Strony

piątek, 1 lipca 2016

Podsumowanie półrocza 2016


Czerwiec okazał się miesiącem najmniej obfitującym w recenzje, czego przyczyna jest prozaiczna - nie dość, że miałam rozległą, trwającą miesiąc sesję, to do tego na dniach muszę wyprowadzić cały swój dobrobyt w inne miejsce.

Ale wczoraj w nocy postanowiłam zrobić małe podsumowanie tego półrocza i przyznam szczerze, sama się zdziwiłam otrzymanymi wynikami!

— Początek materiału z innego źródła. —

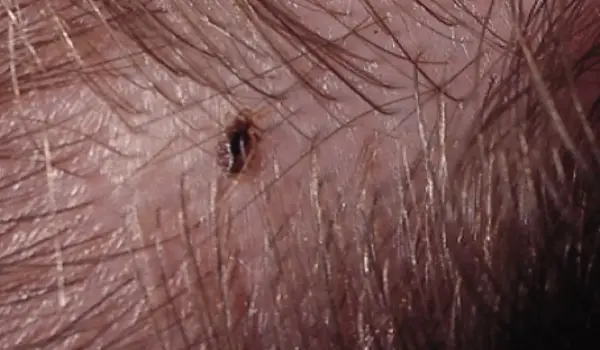 مهم‌ترین علت بازگشت شپش سر پس از درمان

Od 1.01. do 30.06. przeczytałam 40 książek. I 1 komiks. Liczę tutaj wyłącznie te niezwiązane ze studiami i takie, które przeczytałam w tym okresie od deski do deski. Po drodze przeczytałam kilka książek do połowy, a w styczniu dokończyłam dwie książki z zeszłego roku, ale tego do rozliczenia nie liczę, bo byłoby nie fair! :D

40 książek, jak dla mnie to bardzo dużo!

Przeczytanie tylu książek było możliwe dzięki mojemu wspaniałemu chłopakowi, któremu podkradłam czytnik ebooków - 25 z 40 książek przeczytałam właśnie w tej formie.

Co ciekawe, sądziłam, że statystycznie każda czytana przeze mnie książka ma ok 230-250 stron. Tak mi się wydawało, że raz czytam dużo krótsze, raz znacznie dłuższe, a w przybliżeniu tyle stron na jedną książkę. Jakież było moje zdumienie gdy okazało się, że przeczytałam w sumie 17310 stron, co daje ok. 432 stron na książkę! Wynik okazał się być niemal dwa razy większy od oczekiwanego i to była naprawdę bardzo miła niespodzianka!

Najkrótsza książka miała 92 strony i był to Nadchodzący sztorm Richarda Castle'a. Najdłuższa książka to Królowa cieni Sarah J. Maas - 848 stron. 


Napisałam 43 recenzje książkowe, 4 filmowe i 2 teatralne, przy czym pierwsza recenzja pojawić się mogła dopiero 15 stycznia, czyli pół miesiąca recenzowania z definicji przepadło.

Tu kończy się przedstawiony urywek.